**Work to be completed:** Copy the entries without a single change. Pictures should be dropped.

Brief descriptive captions:
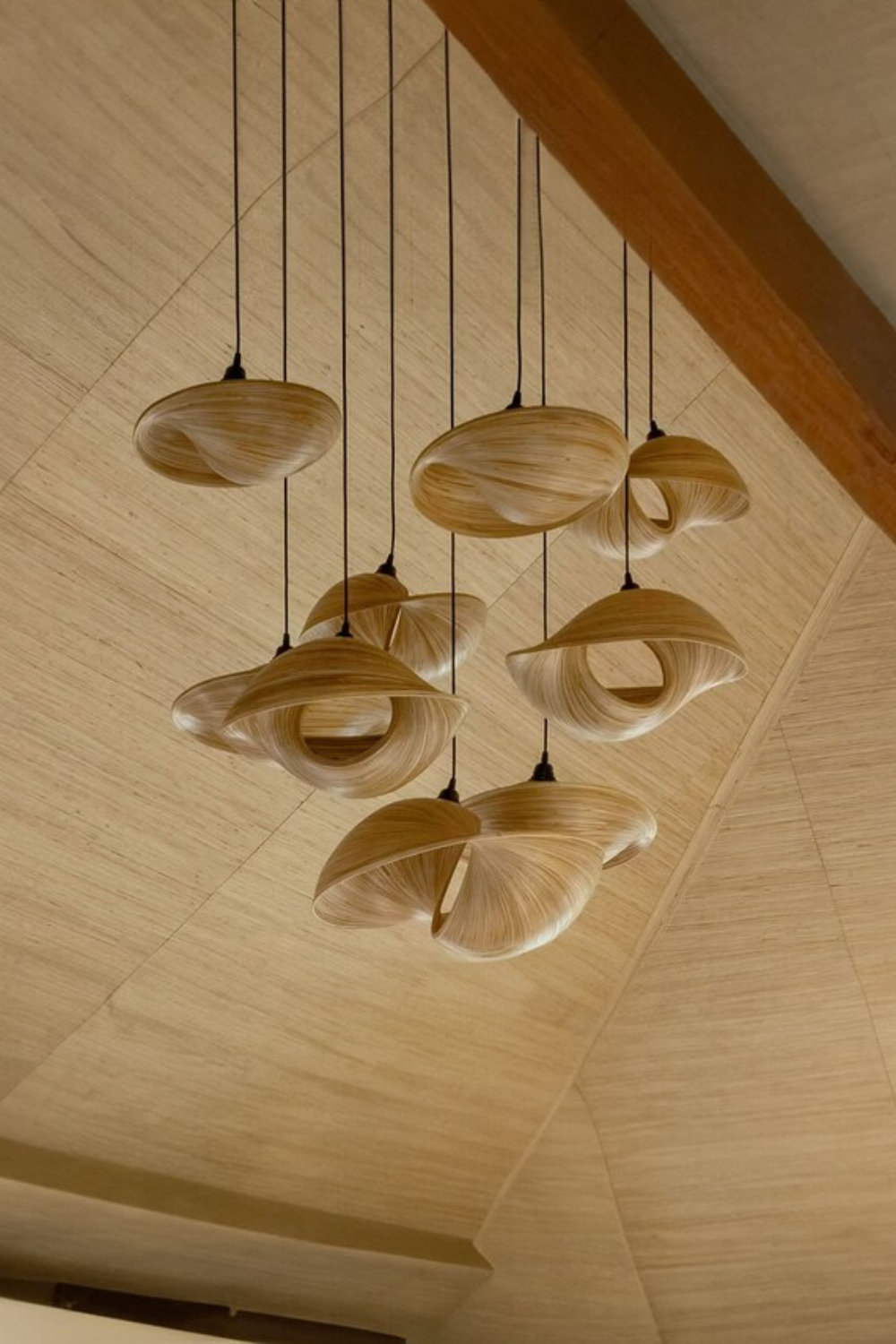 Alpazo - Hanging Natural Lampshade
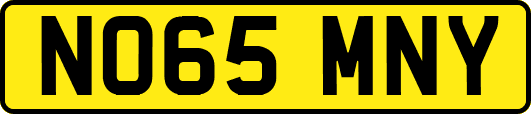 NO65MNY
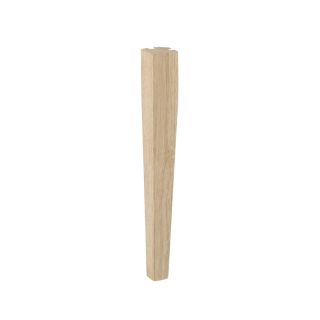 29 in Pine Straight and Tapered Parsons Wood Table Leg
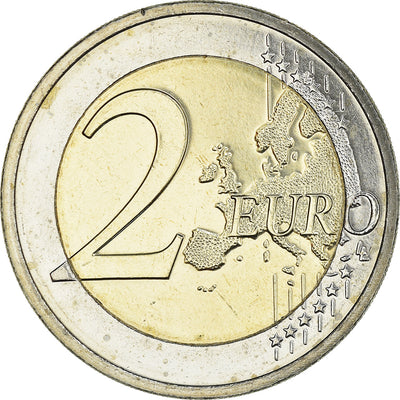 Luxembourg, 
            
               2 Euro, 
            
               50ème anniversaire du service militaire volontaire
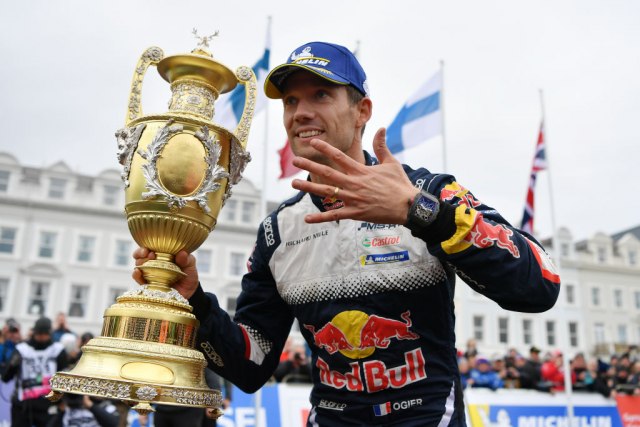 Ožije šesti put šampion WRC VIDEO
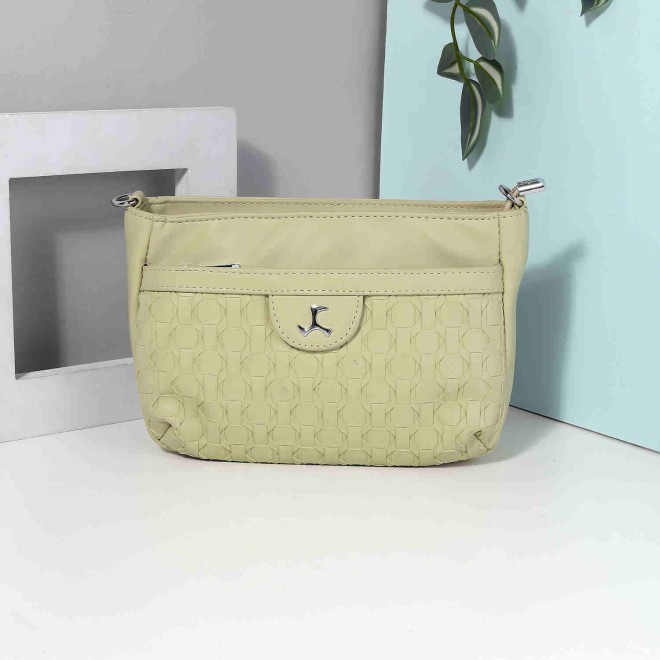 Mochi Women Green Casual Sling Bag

**Expected answer:**
 Alpazo - Hanging Natural Lampshade
 NO65MNY
 29 in Pine Straight and Tapered Parsons Wood Table Leg
 Luxembourg, 
            
               2 Euro, 
            
               50ème anniversaire du service militaire volontaire
 Ožije šesti put šampion WRC VIDEO
 Mochi Women Green Casual Sling Bag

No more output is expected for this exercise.